• Records shown:
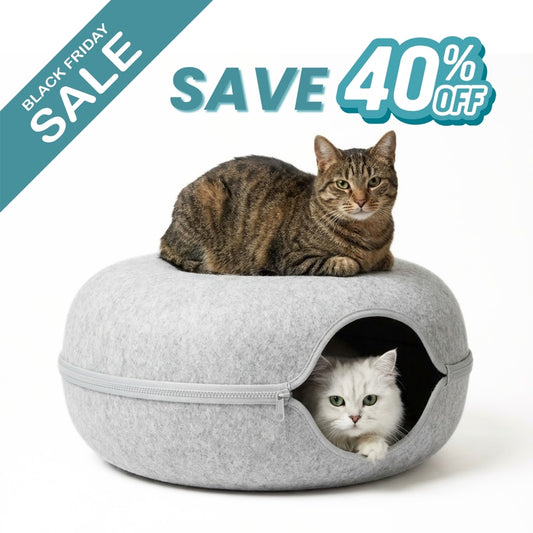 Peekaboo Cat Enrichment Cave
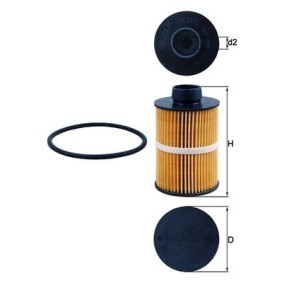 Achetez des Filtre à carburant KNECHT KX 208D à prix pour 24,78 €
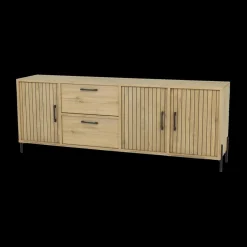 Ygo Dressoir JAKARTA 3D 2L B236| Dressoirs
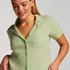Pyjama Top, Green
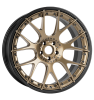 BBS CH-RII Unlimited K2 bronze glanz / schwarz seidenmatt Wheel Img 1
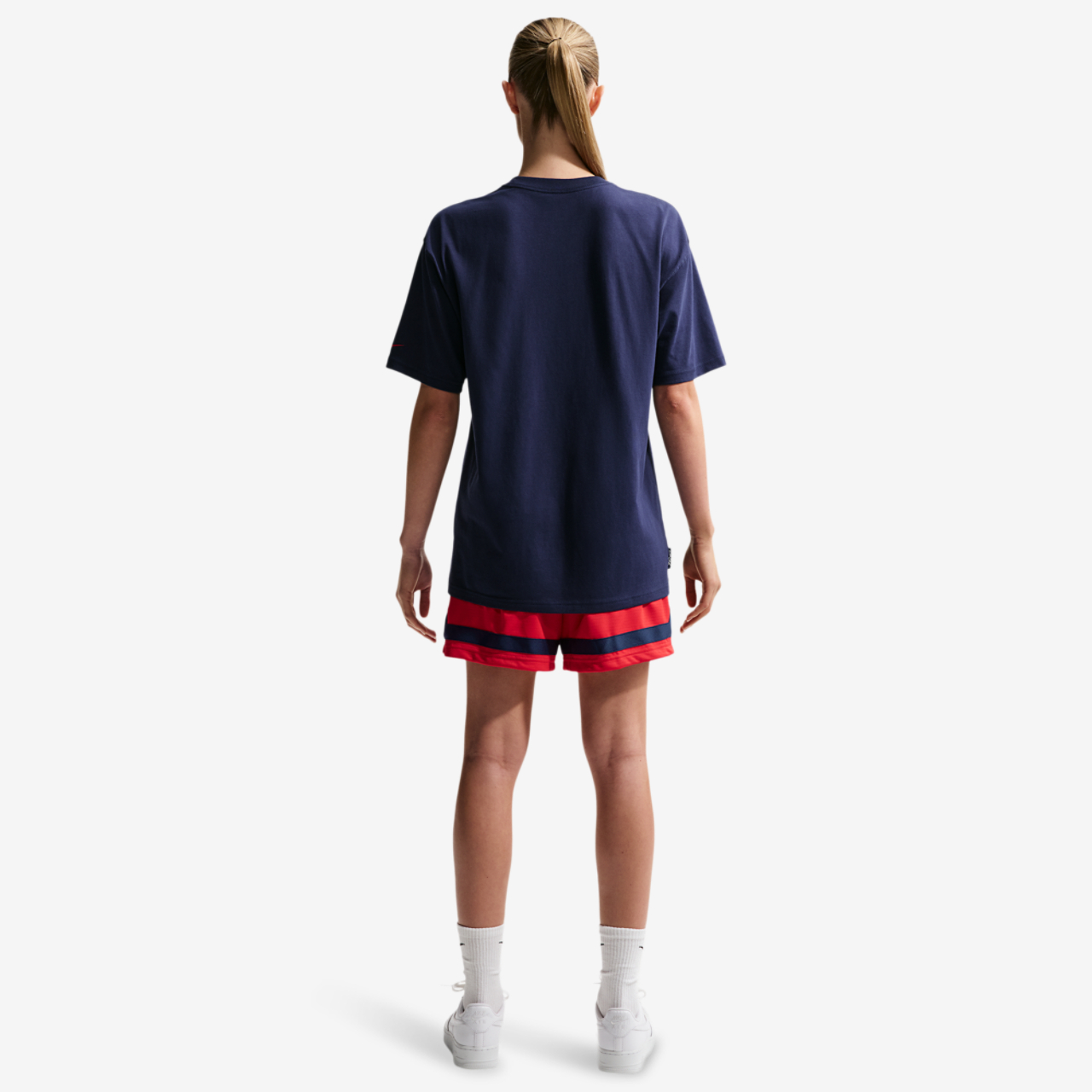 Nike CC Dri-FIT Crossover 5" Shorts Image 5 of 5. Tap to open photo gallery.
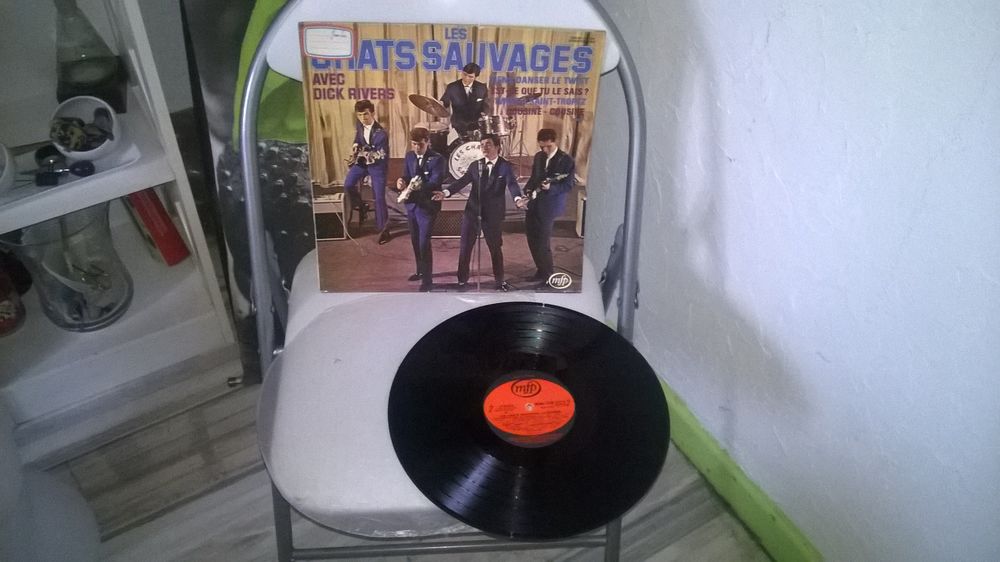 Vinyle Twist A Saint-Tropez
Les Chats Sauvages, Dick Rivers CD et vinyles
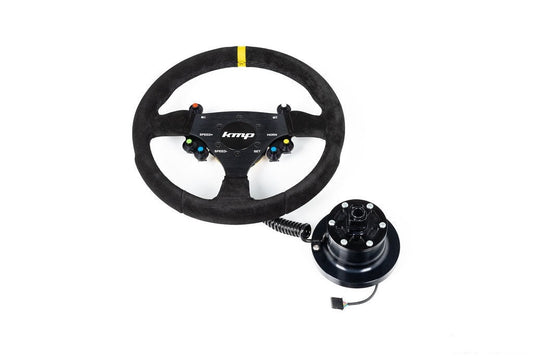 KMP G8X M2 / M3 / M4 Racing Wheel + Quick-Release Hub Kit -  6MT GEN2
==
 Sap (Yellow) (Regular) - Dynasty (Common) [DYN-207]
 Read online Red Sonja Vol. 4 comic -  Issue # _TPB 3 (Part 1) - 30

• What the task asks: Among the entries above, take the line with "Nike CC Dri-FIT", the line with "KMP G8X M2 /", and all the lines between them, and restate them word for word without pictures.

• Exercise result:
 Nike CC Dri-FIT Crossover 5" Shorts Image 5 of 5. Tap to open photo gallery.
 Vinyle Twist A Saint-Tropez
Les Chats Sauvages, Dick Rivers CD et vinyles
 KMP G8X M2 / M3 / M4 Racing Wheel + Quick-Release Hub Kit -  6MT GEN2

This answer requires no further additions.